This is no place for a history lesson, yet the remains of the barracks and the loop holed stone walls capped with a double pitch to make it difficult to climb over provide an interesting insight to the building materials and styles of 1836.

Post Retief Barracks was designed by Major Charles Selwyn of the Royal Engineers and constructed from local sandstone – which is notorious for its poor quality – as well as bricks made from the local clay.

The kingpost trusses clearly visible in the Cape Corps stables are typical of the construction by the Royal Engineers.

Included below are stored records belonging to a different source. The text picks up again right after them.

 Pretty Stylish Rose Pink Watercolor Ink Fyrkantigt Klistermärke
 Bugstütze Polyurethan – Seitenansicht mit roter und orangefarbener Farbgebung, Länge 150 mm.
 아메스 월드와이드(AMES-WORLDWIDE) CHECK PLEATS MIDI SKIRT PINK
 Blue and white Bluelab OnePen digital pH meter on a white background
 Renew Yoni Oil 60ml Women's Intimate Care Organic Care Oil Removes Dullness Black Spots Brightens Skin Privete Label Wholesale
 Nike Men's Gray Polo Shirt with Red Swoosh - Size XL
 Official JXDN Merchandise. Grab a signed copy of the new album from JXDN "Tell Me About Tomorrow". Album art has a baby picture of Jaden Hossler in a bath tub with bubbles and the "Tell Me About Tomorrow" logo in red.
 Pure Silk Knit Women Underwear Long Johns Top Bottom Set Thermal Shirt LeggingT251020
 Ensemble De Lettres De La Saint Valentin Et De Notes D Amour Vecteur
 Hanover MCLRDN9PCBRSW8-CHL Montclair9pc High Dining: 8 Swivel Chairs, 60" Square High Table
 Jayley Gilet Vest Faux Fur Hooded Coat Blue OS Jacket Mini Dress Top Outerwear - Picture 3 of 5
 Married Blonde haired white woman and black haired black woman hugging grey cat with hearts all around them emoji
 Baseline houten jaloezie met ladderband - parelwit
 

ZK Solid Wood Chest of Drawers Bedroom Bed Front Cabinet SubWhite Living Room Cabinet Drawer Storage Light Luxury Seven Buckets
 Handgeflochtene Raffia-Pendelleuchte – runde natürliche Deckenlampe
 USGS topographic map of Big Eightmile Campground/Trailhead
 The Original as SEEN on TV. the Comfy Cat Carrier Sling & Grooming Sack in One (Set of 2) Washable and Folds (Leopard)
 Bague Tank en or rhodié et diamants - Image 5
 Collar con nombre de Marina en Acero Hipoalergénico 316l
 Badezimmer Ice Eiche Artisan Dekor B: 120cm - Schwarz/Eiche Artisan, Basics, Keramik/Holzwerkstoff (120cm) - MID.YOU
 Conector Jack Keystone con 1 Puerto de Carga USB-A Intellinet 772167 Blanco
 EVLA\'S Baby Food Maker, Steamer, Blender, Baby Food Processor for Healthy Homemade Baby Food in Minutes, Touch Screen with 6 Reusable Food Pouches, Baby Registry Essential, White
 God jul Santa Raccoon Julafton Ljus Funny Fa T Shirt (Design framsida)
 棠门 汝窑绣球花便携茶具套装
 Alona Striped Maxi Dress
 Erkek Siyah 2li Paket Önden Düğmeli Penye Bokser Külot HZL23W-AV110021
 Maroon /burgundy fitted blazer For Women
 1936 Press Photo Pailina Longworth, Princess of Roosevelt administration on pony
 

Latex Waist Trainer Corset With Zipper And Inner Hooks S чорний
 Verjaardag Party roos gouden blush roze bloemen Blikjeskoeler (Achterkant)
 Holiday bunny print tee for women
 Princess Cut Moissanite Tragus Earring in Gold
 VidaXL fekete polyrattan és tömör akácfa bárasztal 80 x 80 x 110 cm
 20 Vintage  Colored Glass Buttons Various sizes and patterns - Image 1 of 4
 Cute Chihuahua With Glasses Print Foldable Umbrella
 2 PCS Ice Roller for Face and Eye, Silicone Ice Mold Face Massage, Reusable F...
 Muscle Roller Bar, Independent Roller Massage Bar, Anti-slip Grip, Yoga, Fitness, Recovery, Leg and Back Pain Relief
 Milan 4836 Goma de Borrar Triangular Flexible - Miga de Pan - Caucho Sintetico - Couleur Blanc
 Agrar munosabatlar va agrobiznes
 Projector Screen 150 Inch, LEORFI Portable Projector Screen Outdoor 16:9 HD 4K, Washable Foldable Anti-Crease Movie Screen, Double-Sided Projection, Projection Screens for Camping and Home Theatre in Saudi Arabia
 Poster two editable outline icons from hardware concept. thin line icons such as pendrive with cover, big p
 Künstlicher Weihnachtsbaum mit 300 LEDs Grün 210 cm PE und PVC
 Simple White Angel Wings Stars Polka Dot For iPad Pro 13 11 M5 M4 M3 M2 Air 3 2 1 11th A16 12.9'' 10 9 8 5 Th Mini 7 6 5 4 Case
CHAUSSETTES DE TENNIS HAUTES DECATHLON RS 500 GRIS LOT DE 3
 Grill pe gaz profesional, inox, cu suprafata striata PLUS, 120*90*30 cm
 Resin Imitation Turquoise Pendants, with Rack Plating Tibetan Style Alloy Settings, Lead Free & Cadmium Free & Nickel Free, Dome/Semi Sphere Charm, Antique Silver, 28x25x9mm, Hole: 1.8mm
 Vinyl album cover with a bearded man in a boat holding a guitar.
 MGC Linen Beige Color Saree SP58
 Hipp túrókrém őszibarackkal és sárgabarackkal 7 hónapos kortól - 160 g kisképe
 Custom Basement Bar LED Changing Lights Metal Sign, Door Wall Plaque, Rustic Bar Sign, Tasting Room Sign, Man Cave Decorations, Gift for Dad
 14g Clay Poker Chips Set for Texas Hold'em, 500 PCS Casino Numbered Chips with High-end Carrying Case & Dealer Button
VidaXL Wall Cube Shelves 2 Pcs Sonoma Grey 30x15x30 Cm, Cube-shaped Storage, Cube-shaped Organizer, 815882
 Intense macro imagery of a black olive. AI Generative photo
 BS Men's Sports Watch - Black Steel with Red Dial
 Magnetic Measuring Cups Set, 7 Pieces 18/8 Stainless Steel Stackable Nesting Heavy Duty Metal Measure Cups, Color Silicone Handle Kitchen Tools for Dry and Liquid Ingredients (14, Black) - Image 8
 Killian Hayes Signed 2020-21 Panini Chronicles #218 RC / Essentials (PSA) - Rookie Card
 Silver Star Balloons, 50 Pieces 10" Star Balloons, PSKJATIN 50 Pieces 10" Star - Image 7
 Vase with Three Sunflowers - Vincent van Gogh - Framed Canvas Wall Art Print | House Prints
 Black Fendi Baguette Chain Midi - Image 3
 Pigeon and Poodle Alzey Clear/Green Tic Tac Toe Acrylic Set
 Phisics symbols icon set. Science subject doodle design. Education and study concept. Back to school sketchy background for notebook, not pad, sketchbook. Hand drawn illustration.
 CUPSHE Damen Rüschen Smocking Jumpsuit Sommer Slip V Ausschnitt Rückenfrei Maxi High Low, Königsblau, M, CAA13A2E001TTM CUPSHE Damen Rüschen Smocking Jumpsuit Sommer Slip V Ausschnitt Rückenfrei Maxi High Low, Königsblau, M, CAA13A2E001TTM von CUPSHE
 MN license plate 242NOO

In one building, the stone lintel is actually bending as it is not thick enough – one needs to bear in mind that these buildings were not meant to last forever – compared with another which remains straight, thanks to the thickness of the stone used.

Next to the officers’ kitchen is the officers’ stables, still containing a fully boarded roof covered with zinc sheeting.

A large tree is now growing in what were the officers’ privies at the end of this row of buildings.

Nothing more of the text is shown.